On our way we had a wonderful talk with a old almost blind brush maker, where he explained all about the brushes, showed how he made them, and told of the different hairs. His wife (I think), was really up on the beat, when I told I thought one of the brushes looked like something for some SM games, and Napoleon laughed a lot, since she could not stop talking about this after.
So we brought our coffee out and drink it before we left the place in my little old Punto, at this time we had completely fallen in comfort, and I think we all three felt in wonderful company with each other (or perhaps they were really polite).










Off to Napoleons work (boat builder), here we had a nice time, where we looked at all the wonderful wood, old big planks, the heavy machinery, the place that are a mess, but also with a wonderful atmosphere, and smells of oil, tar and wood was mixed in the nose so I became all euphoric.
We also had a little talk with the 'marketing boss' as I called him, a wonderful man in his late years, that are the colleague of Napoleon, it was almost impossible to get even one word out of him.. But when I went back alone, and asked him about the steamboat he was building, I could feel he was full of kindness, and he told me a little and even gave me a warm smile as he talked.










Of course I looked at every piece of wood, and Napoleon surprised me, by having made a big movers box full of wood for me, to bring home, so I did not need to find all my wood in containers any more he said (and as you can see on the picture, it was not easy to live up to, and I think I will always look).










Also we passed a wonderful old model of a ship, and he offered this, and I ended up with this in my car also (I was the faster to say yes…), this ship are now here on the floor in my living room, and I smile each time I look at it.










So after loading some wood and cola into the car, off we went to my home.









Trash treasures…









MaFe - Flemming - Napoleon

A little shopping on the way, some chocolate, potatoes and root fruits.

We arrived at my place, and Napoleon noticed my little green tower project before we entered the apartment.
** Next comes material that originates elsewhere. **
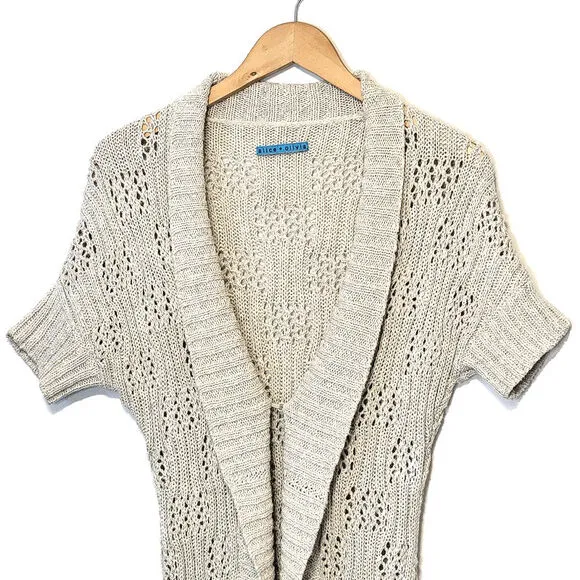 Alice   Olivia Cardigan Sweater Open Knit Ribbed Shawl Collar Long Cocoon Size S
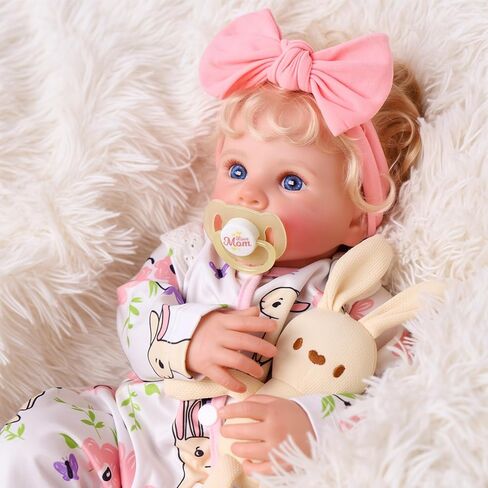 BABESIDE Reborn Baby Dolls - 17 بوصة لطيفة من الفينيل الناعم واقعية دمية طفل فتاة جميلة مستيقظا أشقر مجعد الشعر فتاة مع جسم قابل لاتخاذ الوضعيات دمى طفل الحياة الحقيقية مع صندوق هدية للأطفال من سن 3 سنوات فما فوق in Kuwait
At this time, the three of us, was really as we had known each other for a long time, so the talking went on (not that I talk a lot…), and Flemming and Napoleon, was full of questions about all my strange things, like my large collection of water color (aquarelle boxes), and some of all the other things that can be found all around in my apartment (I'm a collector of beauty and things with a history). Also we had plenty of coffee, and red wine, so the hours just went, and it was later before we helped each other to make some food, that we left in the oven, while we went to the work shop, to open my box of wood, and also to look at and touch some tools, and yes start the saw test.










Wauuuuuuuuuuu, there were so much beautiful wood, in that box, and also little things for Flemming, it was almost impossible not to give Napoleon a big hug, so I did. I'm in the wooden sky!
So we were there, and they looked at tools, and we talked about tools, opened all my plane cabinets, and especially enjoyed my little planes from Div, and made some test shavings with my old Stanley sweetheart 62, that almost made tears arrive on Napoleons face (he are waiting now for one from Lie Nielsen, so do not feel sorry).










Time passed so quick, that we agreed it must be time to get back up, for some dinner (the potatoes with root fruits, and red wine, had now had two hours, so they were tender enough…). 
So we eat, drink, and had a wonderful time, had some more espresso, cafe lathe, and snaps, looked at wood working books, the big butt book, and all that the heart can wish for, when you are a LJ. 
At two in the night, we agreed that we had to go back to the work shop to make the saw test we had meet to make. So at two fifteen at night we started the test, with a coca cola, and red wine, and me fire in the pipe. It was a wonderful moment, w
here we learned, and enjoyed, the saws, the wood, the time, and each other's company, the test are posted separately, but is a test of Zona, Veritas, Rob Crossman, a Japanese saw and a standard Stanley.
At four in the night, Flemming and I took the car and brought Napoleon safe home(I had nott been drinking too much, do not worry), and here we said hello to his little dog, that funny enough goes under the name of Napoleon, also we had a Samosa, and then said good night.
Flemming slept at my place, and we woke up late, and had a nice quiet morning, before I followed him to the train station, and we said good bye.










Ohhh, and I forgot to tell that Napoleon had helped me to get a good price on a Veritas scraping plane, a japanese marking knife and a mitre gauge, so this was tested too, and we were all both impressed, by the quality, and the work of this sweet scraper baby.
The taped wood in the back, are the parts for Flemmings grease box.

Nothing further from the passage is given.